===== DATA EXTRACT =====

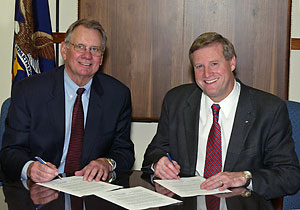 From L-R: ADA's President, Dr. Robert M. Brandjord, and OSHA's Assistant Secretary, Edwin G. Foulke, Jr., renew national Alliance agreement on May 18, 2006
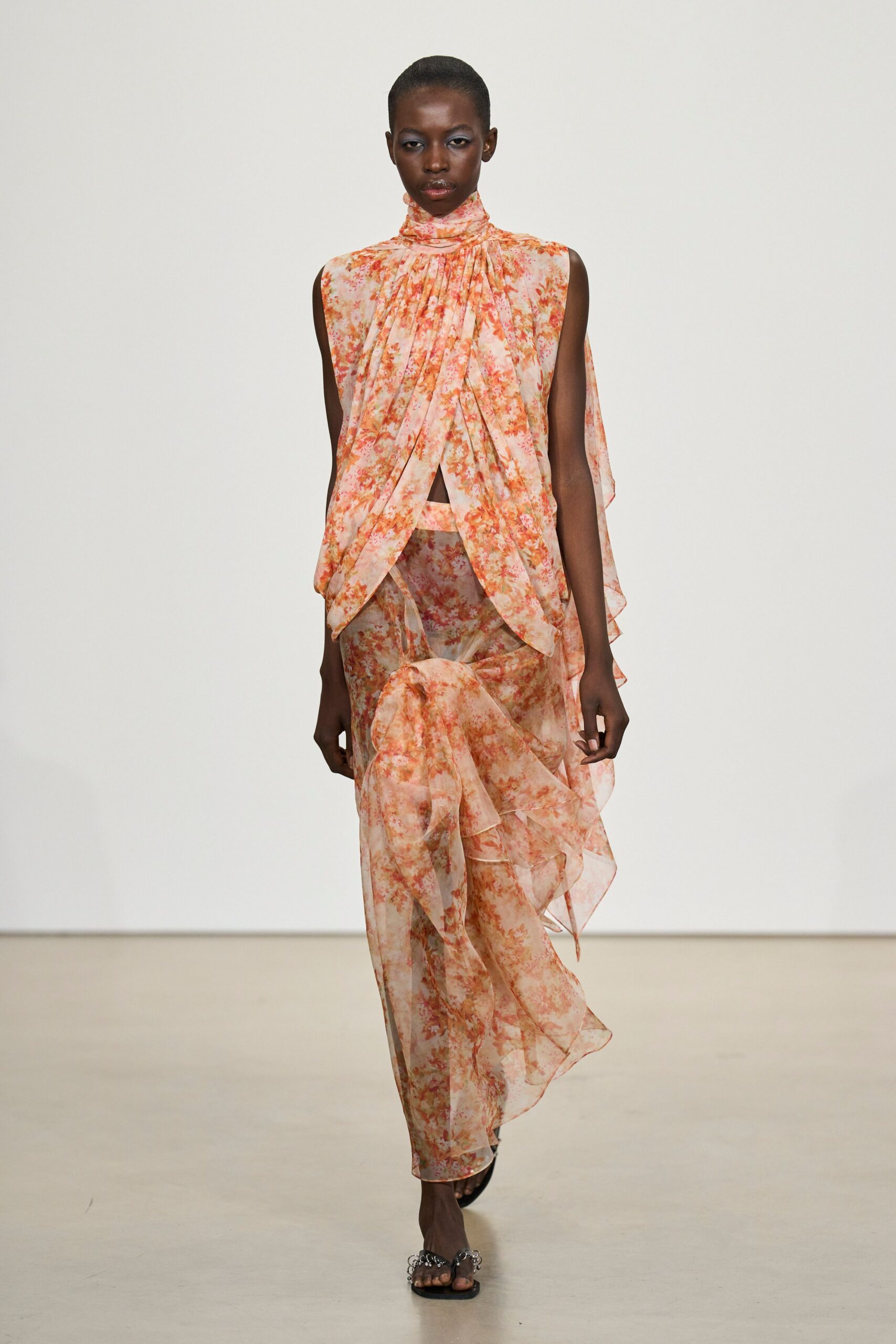 Blush chiffon blouse in a washed coral floral, high neck softly ruched. Matching sheer chiffon skirt, draped into a knotted cascade at one knee. Black thong sandals with clustered silver rings across the toes. Walking out to a hotel terrace just after the garden wedding ends.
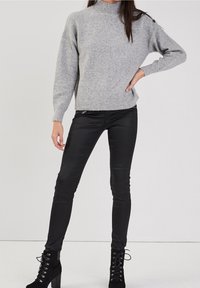 Pull en maille grise avec un col montant et un ourlet côtelé, associé à un pantalon noir ajusté. Bottines noires avec un détail de lacets.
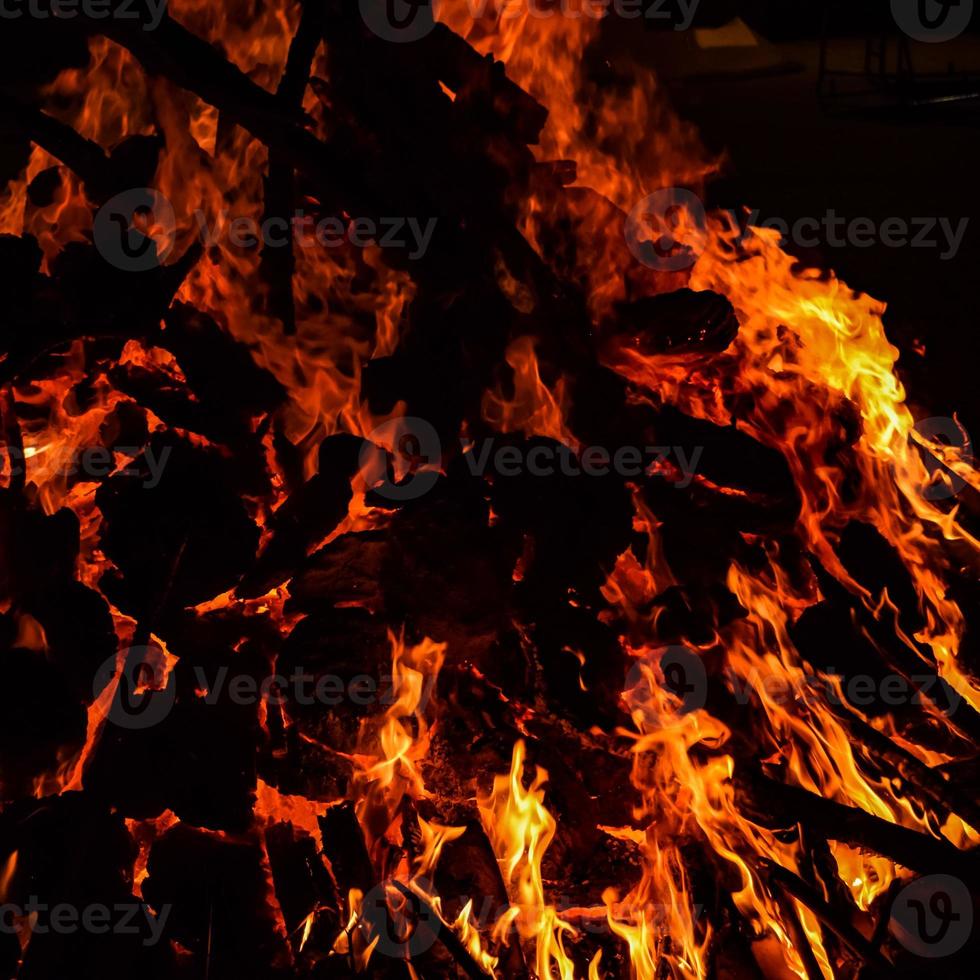 llamas de fuego sobre fondo negro, fondo de textura de llama de fuego blaze, maravillosamente, el fuego está ardiendo, llamas de fuego con madera y hoguera de estiércol de vaca foto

=====

### WORK TO COMPLETE
The finished answer is an exact repetition of the listing, with every picture removed.

### ANSWER TO THIS EXERCISE
 From L-R: ADA's President, Dr. Robert M. Brandjord, and OSHA's Assistant Secretary, Edwin G. Foulke, Jr., renew national Alliance agreement on May 18, 2006
 Blush chiffon blouse in a washed coral floral, high neck softly ruched. Matching sheer chiffon skirt, draped into a knotted cascade at one knee. Black thong sandals with clustered silver rings across the toes. Walking out to a hotel terrace just after the garden wedding ends.
 Pull en maille grise avec un col montant et un ourlet côtelé, associé à un pantalon noir ajusté. Bottines noires avec un détail de lacets.
 llamas de fuego sobre fondo negro, fondo de textura de llama de fuego blaze, maravillosamente, el fuego está ardiendo, llamas de fuego con madera y hoguera de estiércol de vaca foto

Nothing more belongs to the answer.